The investigation, called Operation Firewall, broke up a 4,000-member underground that, according to the Justice Department, bought and sold nearly two million credit card account numbers in two years and caused over $4 million in losses to merchants, banks and individuals.
But eight months later, the traders have adapted and resumed business. They are a bit more skittish now, said John Watters, the chief executive of iDefense, which generates cybercrime intelligence for government and financial industry clients. Operation Firewall did take out some of the "low-hanging fruit," Mr. Watters said. But that has only caused the pricing models to become more refined, and the characters in this black-market economy to become more sophisticated.
A New Market for New Identities
Mr. Watters said there was also a small but growing market for the type of raw consumer information that has been pilfered from ChoicePoint, LexisNexis and other general data aggregators.

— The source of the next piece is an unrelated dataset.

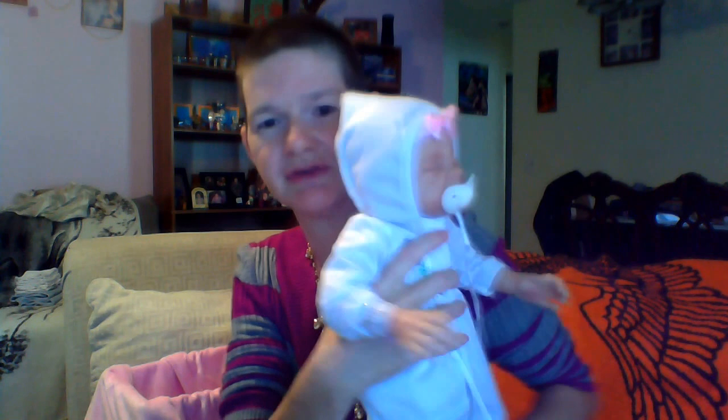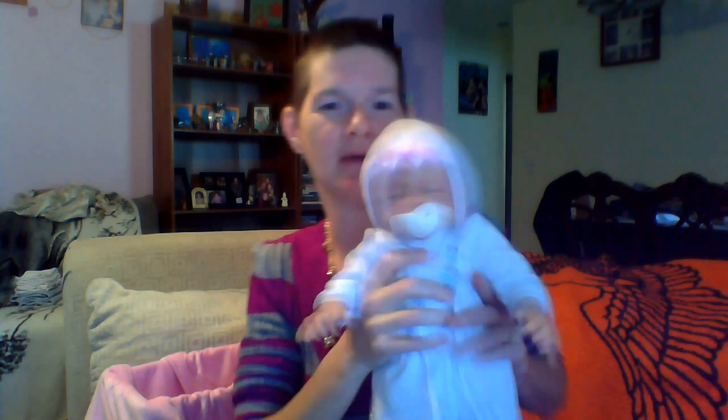Her pacifier comes out, as you can see. She came home with the outfit she is wearing and also with her bonnet. I did get her the pink bow that she is wearing right now on her hair. She also came home with a diaper that she has on, and she also has a little hospital band on her wrist that says Lily Rose. Now I will take Miss Lily's bonnet off so you can see what her hair looks like.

"We've observed people paying for identities," Mr. Watters said, describing Web forms where criminals could tick off the fields they had to sell or wanted to buy: address, date of birth, Social Security number, driver's license number, mother's maiden name. And as the traders slip deeper underground - or onto servers in regions with lax laws, overburdened or uninterested law enforcement and no real working relationship with American authorities - the odds of pulling off another Operation Firewall get worse.
"The next battle will be substantially harder," Mr. Watters said. "It's getting harder for us to do our job."
Asked at a symposium on cybercrime late last month if law enforcement was losing the battle against cybercriminals, Brian Nagel, assistant director for investigations at the Secret Service, said no, according to published reports.
But another panel member, Jody Westby, the managing director of security and privacy practice at PricewaterhouseCoopers, disagreed, insisting that based on Federal Trade Commission statistics on identity and credit card theft, only about 5 percent of cybercriminals are ever caught.
In an interview, Ms. Westby offered an assessment no less bleak. "We're not making an impact," she said. "The criminals are too hard to track and trace, too hard to prosecute, and the information they steal is too easy to use."
At one Russian-language site over the weekend, a user called Lexus celebrated the CardSystems breach, saying that "judgment day has come for the bourgeoisie." Another, Zer0, suggested on the site that the hacked numbers might represent new opportunities in the underground.
"It is a good occasion for us," Zer0 said. "Happy hunting."